I’m going to cut to the chase here: I’ve become very impatient with these sorts of discussions, which, in case you haven’t noticed, are academic historians talking to other academic historians about why academic historians don’t have a broader audience. The answer is simple: because their own academic colleagues don’t value that work. Many if not most academic historians tend to mock those historians who have an audience, even as they show a little envy and jealousy in doing so. Write a book for a broad audience, appear a few times on television (and maybe not just C-SPAN), make yourself available to the press, speak in public, and, yes, blog–these are activities that the majority of the academic profession simply doesn’t value, whether as a profession or within departments. Administrators value some of this activity, because they are aware of issues of public profile. For example: I’ve learned that on February 20, Parade magazine will say something about the new Civil War volume Stephen Sears, Aaron Sheehan-Dean, and I coedited for Library of America. You can’t buy that sort of attention. Yet I can just see mentioning it in my annual performance report (oh, I will, because I have a sense of humor), because I know what reaction will follow.
To me, what’s even more amusing about this debate is that I’m well aware of the folks who write about the Civil War who divide people into amateurs and professionals or who ridicule professional/academic historians, complain about the existence of an exclusive club of degree-bearing types, and so on, as well as those who decry the implication of “everyone their own historian” at a time when it’s easier than ever to publish and get yourself out there. Note to these folks: many of my fellow academics decry what I do as pandering and less worthwhile precisely because I have an audience, while some of the bigger names I know are familiar to you as talking heads (with names you would easily recognize) advise me to toss the academy aside altogether and write, write, write.
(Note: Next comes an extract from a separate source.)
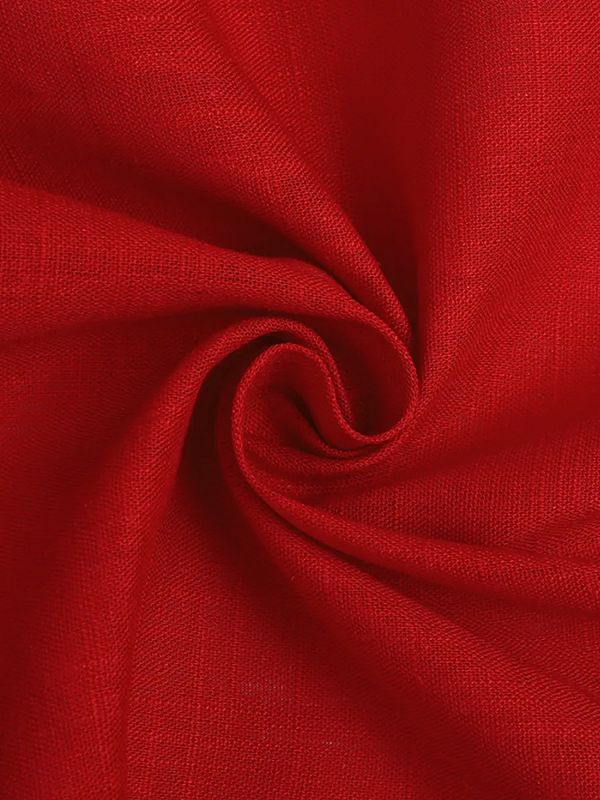 Льняная ткань 190 г/м², 140 см / 2 метра, TBY.Li.1002.06, 06 красный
Academic historians have no one but themselves to blame if they don’t have an audience. They do not value or reward efforts to reach that audience (you can see some of that argument here). My own view is that when it comes to evaluating a work of history, it’s the quality of the work that counts, not that status of the author. I’ve said that before, and I’ve said it for years. I’ve even thrown it in the faces of my colleagues. Case in point: I have a colleague who teaches non-American intellectual history. That colleague once told me that the reason I published so much was because I had so many outlets and a far greater audience for my work. True, I said. People actually wanted to read what I wrote. Did that fact in itself say anything about the quality of what I wrote? Did he have any complaints about that (especially as I moved to early tenure)? After all, I added, I could write a book that would not sell if I wanted to, as if lack of sales and audience was somehow a testament of the quality of my work. Would that satisfy him?
He failed to respond.
At that time I was considering revising my master’s thesis on Henry Adams for publication. I decided to do so, largely because I thought it would make a good book and a contribution to scholarship. However, I also knew that it would not enjoy significant sales. However, I would offer the book as my primary publication when I went up for full professor: given the department’s rules, that was the publication expectation (I held back The Reconstruction Presidents until the following year). So I used a revised (and published) version of my master’s thesis to gain promotion. That would be bad enough … but, in fact, C-SPAN then used me not once but twice to talk about Henry Adams, once while sitting in the stone library at the Adams house in Quincy. In short, even when I looked to write on something less well known, I found an audience, attracted attention, and appeared twice on television. I apologize … NOT.
The point remains: if academic historians don’t have a public audience, they have only themselves to blame. Besides, there are enough academic historians who do reach out in various ways. Have they been overlooked? I’m thinking not just of authors and bloggers, but of The History Guys radio show, for example, or of people who’ve found other ways to interact (hello, Keith Harris!). If academic historians want a broader public, I suggest that instead of complaining and discussing and pondering that they simply go out and interact with it and to call on the profession to value that interaction. Just do it.